6) I wouldn't wander too far at night outside campus in some areas
7) The campus library is amazing!
1) What I meant was are people generally open-minded. Accepting towards diversity, for example: gay students or people with a different religion.
Thanks for the fast reply!
yes people are open minded... we even have a Drag Queen show once a year and pride groups etc.
Campus overall is very neutral and overall indifferent to any movement be that social, political or sports.
Toronto is one of the most amazing cities in the world. One of the perks of living in Rochester is that Toronto is only a 3 hour drive away :) I go there several times a year and I'm excited because my next drive up is this Saturday.
But on to the questions:
1.) It's true that there are a lot of conservative assholes in Rochester, but once we get our current County Executive out of her office, I think we'll be good. She tends to go on crusades against gay rights and porn.
2.) There are a lot of international students, and on the flip side, a lot of students seem to spend a semester abroad as well. As for gay students, I am one of them. We have a really active Pride Network and there are a lot of gay events that go on on and off campus. Also, although there are a lot of religious groups on campus, there doesn't appear to be any problems with expressing yourself differently. I've never seen any "recruiting", either, which is good.
3.) I personally have not encountered a person from South Africa yet, but I haven't looked.

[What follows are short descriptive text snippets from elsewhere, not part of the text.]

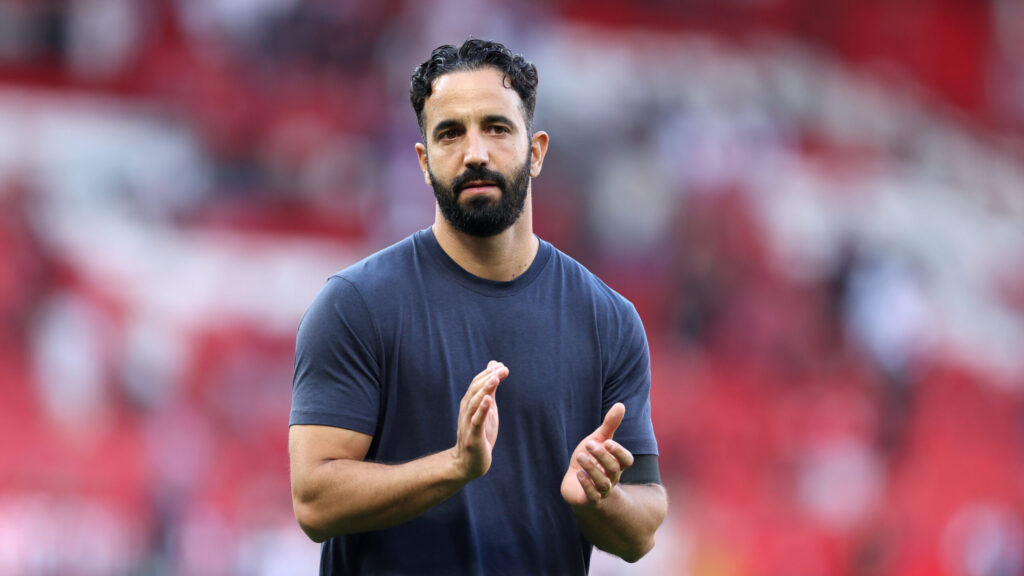 Manchester United v Arsenal - Premier League
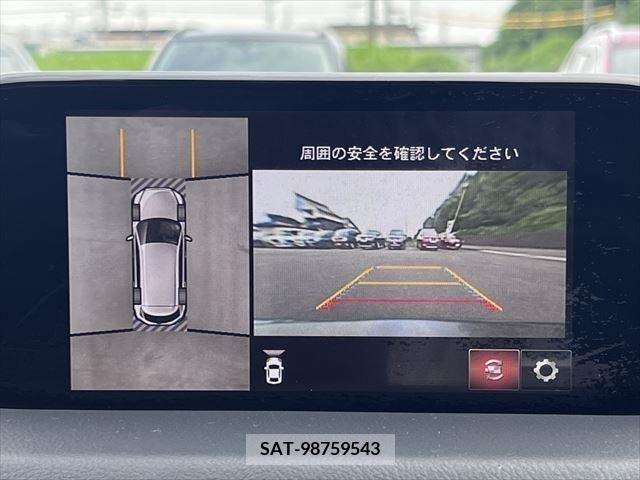 Mazda CX-8 2018-05 379645-4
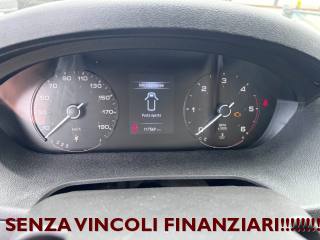 FIAT Ducato usata, con Chiusura centralizzata telecomandata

4.) Anthropology was my intended major when I left high school (but have since changed it) and I took several courses in it at my last college, but I'm new to UR and I haven't been able to take any classes in the department yet even as electives. I think the courses that they offer look great and I know a grad who thinks very highly of the department.
5.) This doesn't affect me because I live only a block away off campus and I'm not a freshman anyway. The school actually has it's own buses that go through the popular college student living areas, and then there's also the Rochester bus system that goes to campus.

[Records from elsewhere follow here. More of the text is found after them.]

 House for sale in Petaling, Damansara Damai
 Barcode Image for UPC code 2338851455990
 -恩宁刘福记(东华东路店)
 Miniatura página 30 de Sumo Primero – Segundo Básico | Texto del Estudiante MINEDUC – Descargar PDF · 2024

6.) Supposedly we've got a higher crime rate than New York City. I've had things stolen from me before but that happens everywhere, you just have to stay smart and not go into the bad areas.
7.) The campus library is awesome. We also have a really nice library downtown, I've spent entire days there without leaving (especially now that they have a crepe restaurant inside). It's huge!
Hopefully that helped somehow! Wherever you end up going between the two cities, it's ridiculously cold in the winter either way.
Thanks so much for your helpful reply. I feel a lot better about Rochester now. I actually posted something similar at the utoronto community and while all of the posters were very friendly (except for one jerk) the replies were actually the kind that I was expecting more from Rochester than Toronto. So, again, thank you.
I transferred out of Rochester after my freshman year...message me if you'd like to talk about why.
Rochester is generally more liberal than some of the surrounding areas. Obviously, there are people who are conservative or ultra-conservative, just like you'd find anywhere. There is a church in Rochester that actually ceded from the Catholic church because its pastor and parish very vocally supports gay rights.
The libraries are fantastic. My mom is a librarian at a different university and everyone at her library in NJ talks about the Rochester libraries like they are Nirvana.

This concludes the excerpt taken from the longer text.